Two year later, on 8 May 1996, at 12:08 -- eight minutes later than planned -- the CA adjourned. The job had been done. This had been the most memorable experience of my political career. The manner Cyril made me feel part of that CA team is something I will always treasure. He never made me feel like his "deputy". He treated me like his associate -- his companion.
Two very interesting offices where allocated to Cyril and me. In the old House Assembly we were separated from our party colleagues. Cyril moved into the office formerly used by the head of state. That was the very same office in which John Vorster, 20 years earlier, had made uninspiring comments about the political future of South Africa to a group of young people I had organised to meet with him. They left that meeting disheartened. Now an ANC leader was being asked to lead a process to ensure that the legitimate political aspirations of all South Africans would be accommodated in the Constitution from that office.
Next to this office was a committee room, where the head of state used to receive delegations when Parliament was in session. I had been in that very same committee room where PW Botha received delegations from the House of Delegates and the House of Representatives -- he scolded them because they didn't take a firm stand against the communist onslaught and they didn't support him when he pushed further security legislation through Parliament.
It was in that office that the executive of the CA met every week to manage the CA process so that it would remain on track.

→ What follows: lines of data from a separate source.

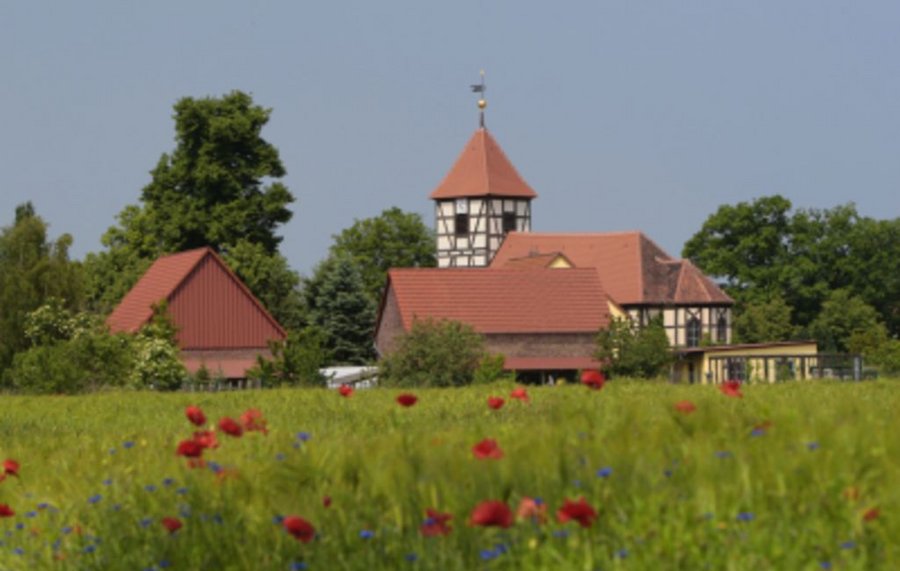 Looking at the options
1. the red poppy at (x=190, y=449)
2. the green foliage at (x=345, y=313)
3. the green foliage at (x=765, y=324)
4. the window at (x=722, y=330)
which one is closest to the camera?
the red poppy at (x=190, y=449)

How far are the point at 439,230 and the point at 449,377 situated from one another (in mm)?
56961

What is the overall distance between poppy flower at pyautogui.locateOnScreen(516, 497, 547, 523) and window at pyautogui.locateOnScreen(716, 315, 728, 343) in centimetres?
9049

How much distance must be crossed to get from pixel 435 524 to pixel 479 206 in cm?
9846

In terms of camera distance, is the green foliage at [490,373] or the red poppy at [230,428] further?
the green foliage at [490,373]

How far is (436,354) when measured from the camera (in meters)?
48.7

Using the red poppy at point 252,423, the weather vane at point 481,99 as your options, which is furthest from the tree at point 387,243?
the red poppy at point 252,423

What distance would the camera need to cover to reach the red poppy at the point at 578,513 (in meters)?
5.55

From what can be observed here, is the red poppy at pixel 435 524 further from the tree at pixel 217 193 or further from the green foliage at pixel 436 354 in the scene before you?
the tree at pixel 217 193

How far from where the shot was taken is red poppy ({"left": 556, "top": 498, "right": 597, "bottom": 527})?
5.55 m

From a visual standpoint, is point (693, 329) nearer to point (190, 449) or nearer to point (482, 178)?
point (482, 178)

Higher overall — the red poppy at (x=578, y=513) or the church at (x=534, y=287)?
the church at (x=534, y=287)

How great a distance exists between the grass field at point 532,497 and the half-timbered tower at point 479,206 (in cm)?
9367

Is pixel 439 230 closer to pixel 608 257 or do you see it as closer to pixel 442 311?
pixel 608 257

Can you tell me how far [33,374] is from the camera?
115ft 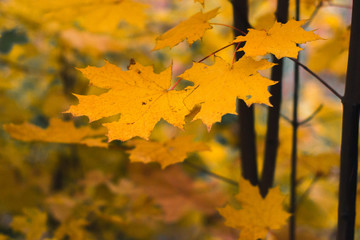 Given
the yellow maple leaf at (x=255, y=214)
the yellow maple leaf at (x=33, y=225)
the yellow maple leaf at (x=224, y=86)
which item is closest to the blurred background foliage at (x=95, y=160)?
the yellow maple leaf at (x=33, y=225)

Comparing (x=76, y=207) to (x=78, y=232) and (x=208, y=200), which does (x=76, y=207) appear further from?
(x=208, y=200)

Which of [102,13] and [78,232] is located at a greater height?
[102,13]

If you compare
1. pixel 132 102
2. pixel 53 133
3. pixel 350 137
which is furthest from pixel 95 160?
pixel 350 137

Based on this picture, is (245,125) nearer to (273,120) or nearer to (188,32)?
(273,120)

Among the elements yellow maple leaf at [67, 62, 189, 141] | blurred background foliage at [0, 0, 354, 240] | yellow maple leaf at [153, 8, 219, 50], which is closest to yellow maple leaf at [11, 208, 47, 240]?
blurred background foliage at [0, 0, 354, 240]

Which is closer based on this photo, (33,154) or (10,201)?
(10,201)

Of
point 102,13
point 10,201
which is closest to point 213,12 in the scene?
point 102,13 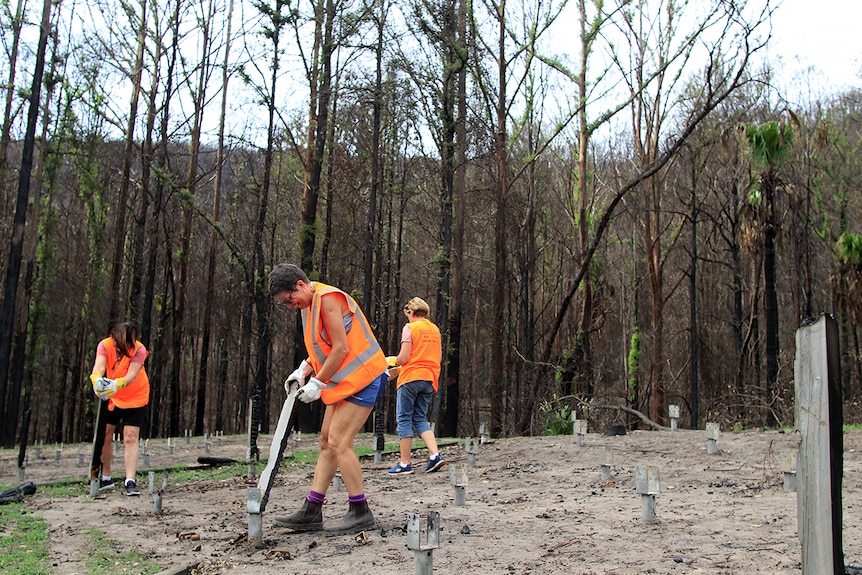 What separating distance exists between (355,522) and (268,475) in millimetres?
693

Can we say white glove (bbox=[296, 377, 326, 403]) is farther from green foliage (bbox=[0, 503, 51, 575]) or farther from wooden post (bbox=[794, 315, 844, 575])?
wooden post (bbox=[794, 315, 844, 575])

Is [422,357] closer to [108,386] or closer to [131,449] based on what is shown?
[131,449]

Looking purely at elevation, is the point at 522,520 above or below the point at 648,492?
below

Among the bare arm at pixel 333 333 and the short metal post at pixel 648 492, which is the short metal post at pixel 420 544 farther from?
the short metal post at pixel 648 492

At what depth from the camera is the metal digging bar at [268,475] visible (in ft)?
17.7

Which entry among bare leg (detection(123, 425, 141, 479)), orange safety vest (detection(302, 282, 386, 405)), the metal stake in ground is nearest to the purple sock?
orange safety vest (detection(302, 282, 386, 405))

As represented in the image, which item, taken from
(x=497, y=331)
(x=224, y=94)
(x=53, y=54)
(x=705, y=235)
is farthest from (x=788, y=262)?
(x=53, y=54)

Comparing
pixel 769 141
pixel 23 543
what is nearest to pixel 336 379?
pixel 23 543

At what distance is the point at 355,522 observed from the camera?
5.71 metres

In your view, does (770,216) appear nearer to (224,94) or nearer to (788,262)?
(788,262)

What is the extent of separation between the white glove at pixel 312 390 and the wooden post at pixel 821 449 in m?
3.35

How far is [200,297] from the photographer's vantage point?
37125 millimetres

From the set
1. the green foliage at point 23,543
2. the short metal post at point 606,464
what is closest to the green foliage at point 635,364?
the short metal post at point 606,464

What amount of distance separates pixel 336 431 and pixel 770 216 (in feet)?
66.4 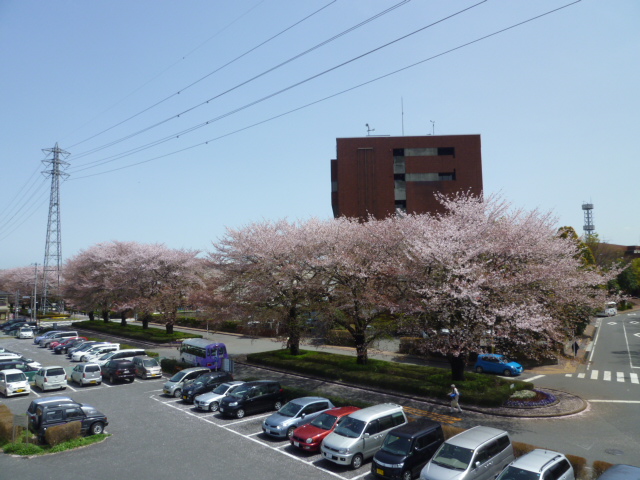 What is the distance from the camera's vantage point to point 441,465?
13.3m

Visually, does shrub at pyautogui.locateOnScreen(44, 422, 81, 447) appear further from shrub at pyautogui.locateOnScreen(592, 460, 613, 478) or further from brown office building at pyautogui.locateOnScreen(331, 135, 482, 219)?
brown office building at pyautogui.locateOnScreen(331, 135, 482, 219)

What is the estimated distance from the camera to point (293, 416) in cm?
1859

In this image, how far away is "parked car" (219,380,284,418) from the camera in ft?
69.3

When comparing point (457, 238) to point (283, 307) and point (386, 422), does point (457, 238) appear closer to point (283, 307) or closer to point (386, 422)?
point (386, 422)

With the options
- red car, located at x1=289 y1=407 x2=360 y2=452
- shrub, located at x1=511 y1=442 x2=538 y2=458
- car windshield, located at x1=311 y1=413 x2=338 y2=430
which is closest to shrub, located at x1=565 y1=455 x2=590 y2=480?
shrub, located at x1=511 y1=442 x2=538 y2=458

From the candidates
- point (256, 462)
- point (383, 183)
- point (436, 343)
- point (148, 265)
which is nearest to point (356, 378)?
point (436, 343)

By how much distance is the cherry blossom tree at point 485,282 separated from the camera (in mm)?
21906

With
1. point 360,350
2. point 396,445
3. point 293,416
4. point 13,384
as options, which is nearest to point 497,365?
point 360,350

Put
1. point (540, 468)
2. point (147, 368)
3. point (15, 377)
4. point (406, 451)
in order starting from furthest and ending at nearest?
point (147, 368), point (15, 377), point (406, 451), point (540, 468)

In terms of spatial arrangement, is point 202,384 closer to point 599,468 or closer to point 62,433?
point 62,433

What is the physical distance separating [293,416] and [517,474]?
938cm

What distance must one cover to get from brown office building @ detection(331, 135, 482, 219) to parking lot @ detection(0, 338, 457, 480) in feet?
145

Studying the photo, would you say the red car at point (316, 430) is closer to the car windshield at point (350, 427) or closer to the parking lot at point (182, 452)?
the parking lot at point (182, 452)

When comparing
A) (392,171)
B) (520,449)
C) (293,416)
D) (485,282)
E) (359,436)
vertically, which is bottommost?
(520,449) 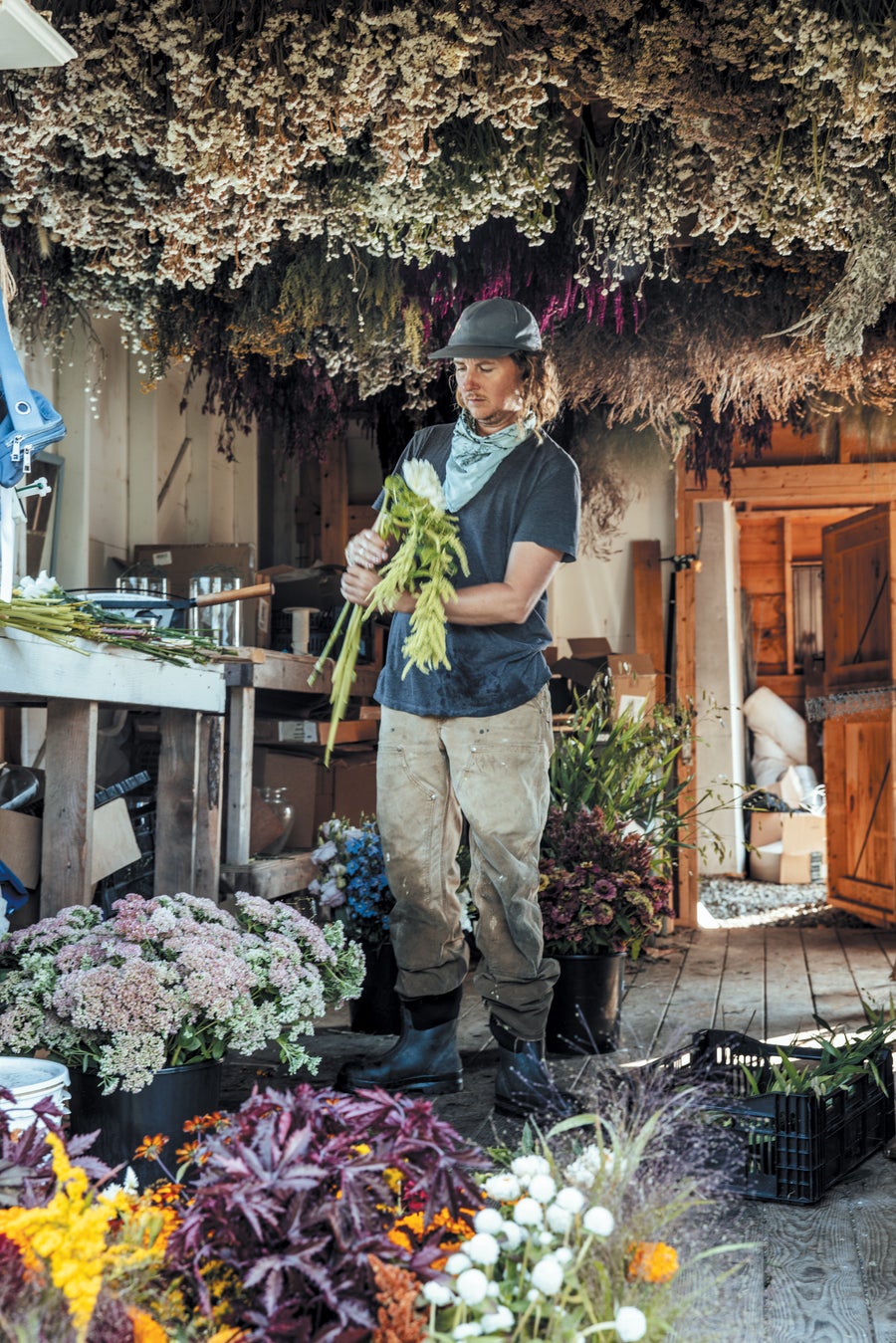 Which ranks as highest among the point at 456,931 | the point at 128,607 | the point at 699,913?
the point at 128,607

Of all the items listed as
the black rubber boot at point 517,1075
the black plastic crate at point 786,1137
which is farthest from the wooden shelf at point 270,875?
the black plastic crate at point 786,1137

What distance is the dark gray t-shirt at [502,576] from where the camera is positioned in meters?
2.95

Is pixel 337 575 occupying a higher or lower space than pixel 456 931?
higher

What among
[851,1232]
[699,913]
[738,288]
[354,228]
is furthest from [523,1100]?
[699,913]

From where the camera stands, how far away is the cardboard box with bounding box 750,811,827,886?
8.91m

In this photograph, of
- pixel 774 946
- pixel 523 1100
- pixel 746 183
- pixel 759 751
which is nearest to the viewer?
pixel 523 1100

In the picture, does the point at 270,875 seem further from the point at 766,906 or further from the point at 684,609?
the point at 766,906

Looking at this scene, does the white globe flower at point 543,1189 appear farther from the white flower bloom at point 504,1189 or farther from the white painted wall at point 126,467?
the white painted wall at point 126,467

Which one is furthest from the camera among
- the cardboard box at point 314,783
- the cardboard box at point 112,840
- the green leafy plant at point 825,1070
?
the cardboard box at point 314,783

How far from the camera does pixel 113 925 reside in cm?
242

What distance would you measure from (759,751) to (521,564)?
7512 mm

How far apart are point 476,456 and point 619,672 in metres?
3.72

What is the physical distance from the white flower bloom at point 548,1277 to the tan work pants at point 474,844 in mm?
1776

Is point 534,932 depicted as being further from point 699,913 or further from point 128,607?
point 699,913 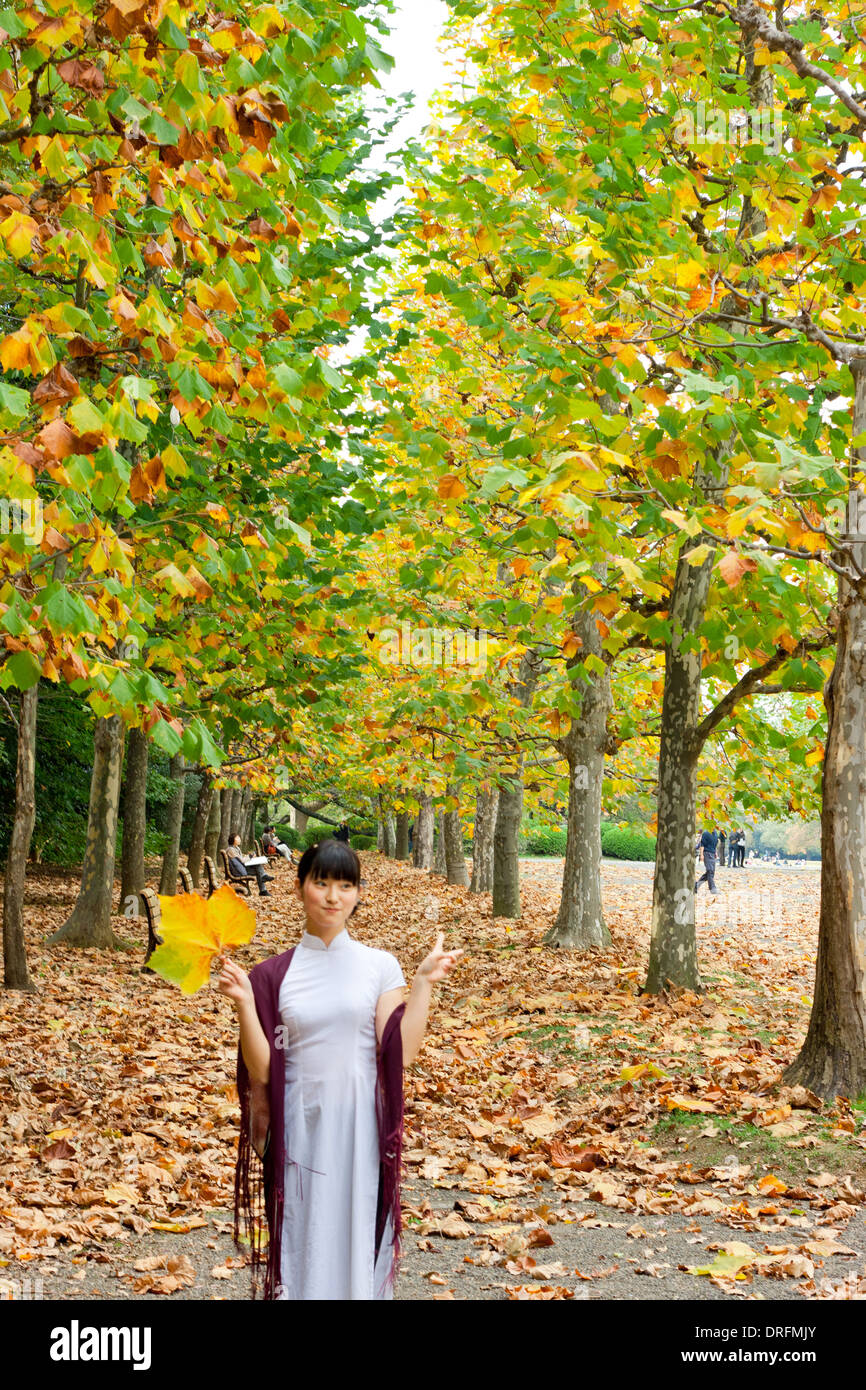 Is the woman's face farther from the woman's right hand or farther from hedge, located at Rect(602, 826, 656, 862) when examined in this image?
hedge, located at Rect(602, 826, 656, 862)

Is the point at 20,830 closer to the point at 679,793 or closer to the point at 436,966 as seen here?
the point at 679,793

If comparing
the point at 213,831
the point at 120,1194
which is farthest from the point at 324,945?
the point at 213,831

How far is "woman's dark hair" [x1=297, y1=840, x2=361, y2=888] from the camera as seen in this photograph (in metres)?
3.41

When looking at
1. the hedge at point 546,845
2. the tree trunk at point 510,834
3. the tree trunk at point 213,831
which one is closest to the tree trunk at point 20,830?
the tree trunk at point 510,834

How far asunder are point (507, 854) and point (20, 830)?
9.73 metres

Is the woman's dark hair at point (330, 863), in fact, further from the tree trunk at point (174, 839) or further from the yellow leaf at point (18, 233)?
the tree trunk at point (174, 839)

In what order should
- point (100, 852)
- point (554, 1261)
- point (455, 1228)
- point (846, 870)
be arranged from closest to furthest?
point (554, 1261) → point (455, 1228) → point (846, 870) → point (100, 852)

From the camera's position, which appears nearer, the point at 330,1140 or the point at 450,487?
the point at 330,1140

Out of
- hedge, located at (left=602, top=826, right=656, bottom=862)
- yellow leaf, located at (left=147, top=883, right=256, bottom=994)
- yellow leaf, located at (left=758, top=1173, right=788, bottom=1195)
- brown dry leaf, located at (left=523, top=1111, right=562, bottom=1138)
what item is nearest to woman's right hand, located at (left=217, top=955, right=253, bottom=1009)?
yellow leaf, located at (left=147, top=883, right=256, bottom=994)

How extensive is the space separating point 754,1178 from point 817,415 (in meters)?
4.43

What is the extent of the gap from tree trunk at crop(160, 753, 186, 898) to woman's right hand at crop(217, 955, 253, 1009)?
1629 centimetres

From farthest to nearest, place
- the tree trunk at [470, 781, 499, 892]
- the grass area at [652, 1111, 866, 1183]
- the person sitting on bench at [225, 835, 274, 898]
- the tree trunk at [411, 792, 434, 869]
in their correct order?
1. the tree trunk at [411, 792, 434, 869]
2. the person sitting on bench at [225, 835, 274, 898]
3. the tree trunk at [470, 781, 499, 892]
4. the grass area at [652, 1111, 866, 1183]

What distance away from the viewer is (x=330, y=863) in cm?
342

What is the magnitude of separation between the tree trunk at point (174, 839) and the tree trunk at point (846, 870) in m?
13.8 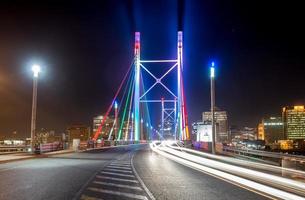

Often when I visited Ramaphosa in his office or sat in the committee room under his stewardship, I could see Vorster and Botha in my mind's eye; sometimes I had mock debates with them about the current events. I frequently had to pinch myself to appreciate how profound the changes were that I was privileged to witness at close range.
My office was immediately above Ramaphosa's office. Earlier occupants of that office had been NP heavyweights: Fanie Botha, Piet Koornhof and FW de Klerk. Their ghosts were not as active as the ghosts in Cyril's office.
The offices that Ramaphosa and I occupied far from our colleagues probably contributed to the fact that we were both looking for other pastures when our task at the CA was done.